● **Exercise**: Repeat the whole listing below precisely. Omit all pictures.

● **Given material**:
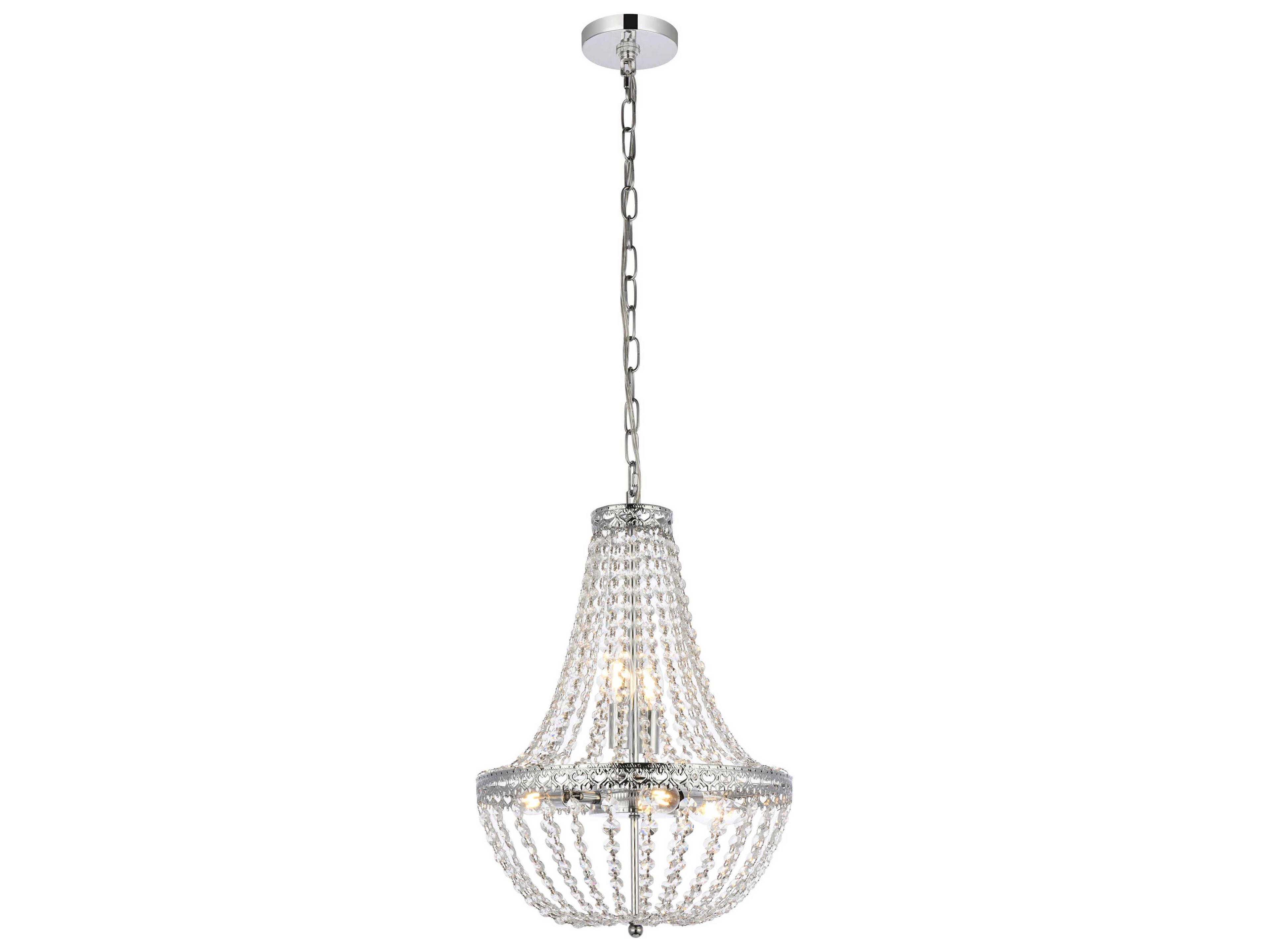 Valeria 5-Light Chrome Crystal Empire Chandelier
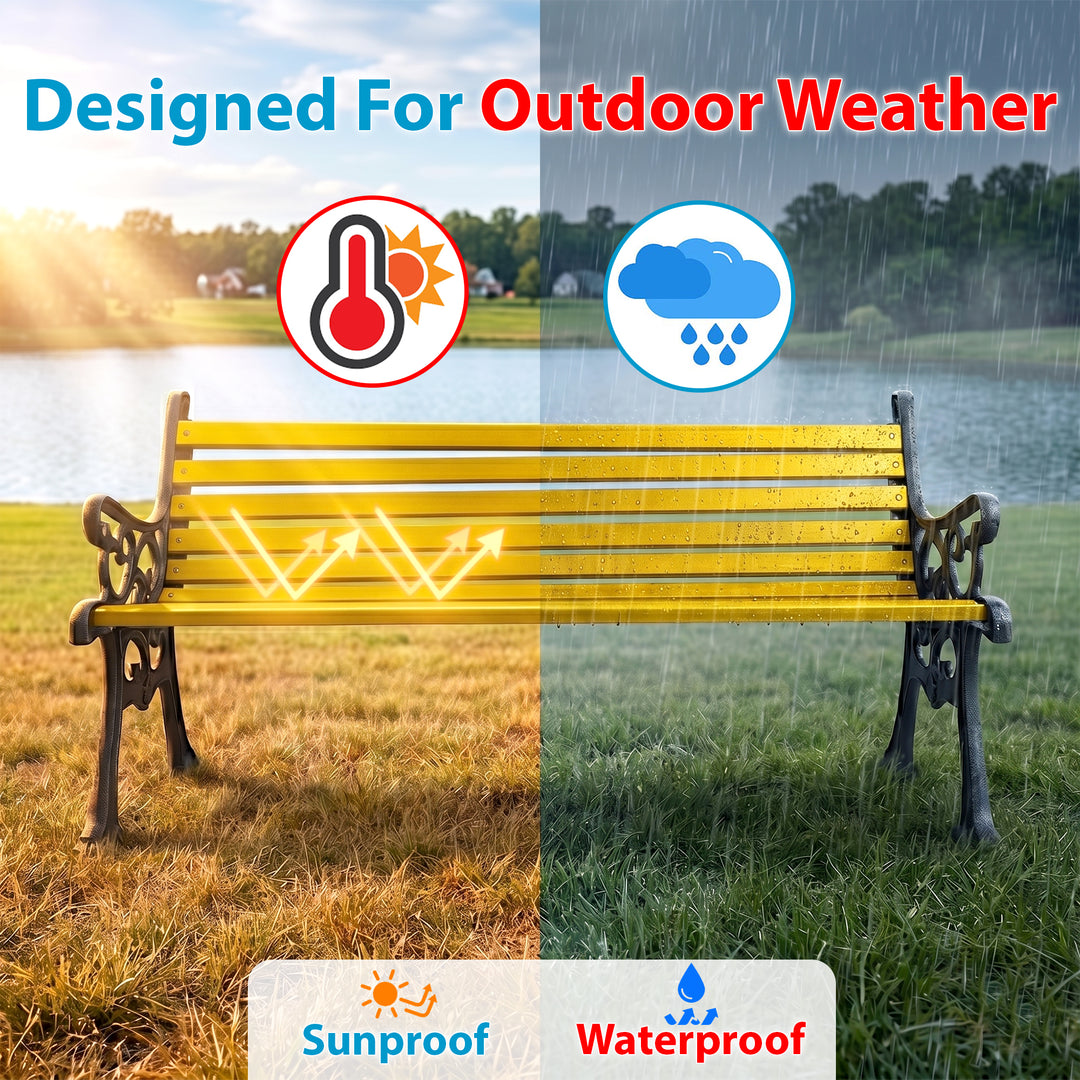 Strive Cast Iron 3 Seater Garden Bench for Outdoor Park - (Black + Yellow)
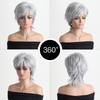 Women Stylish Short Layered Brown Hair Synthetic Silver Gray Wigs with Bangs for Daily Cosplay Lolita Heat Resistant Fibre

● **Expected answer**:
 Valeria 5-Light Chrome Crystal Empire Chandelier
 Strive Cast Iron 3 Seater Garden Bench for Outdoor Park - (Black + Yellow)
 Women Stylish Short Layered Brown Hair Synthetic Silver Gray Wigs with Bangs for Daily Cosplay Lolita Heat Resistant Fibre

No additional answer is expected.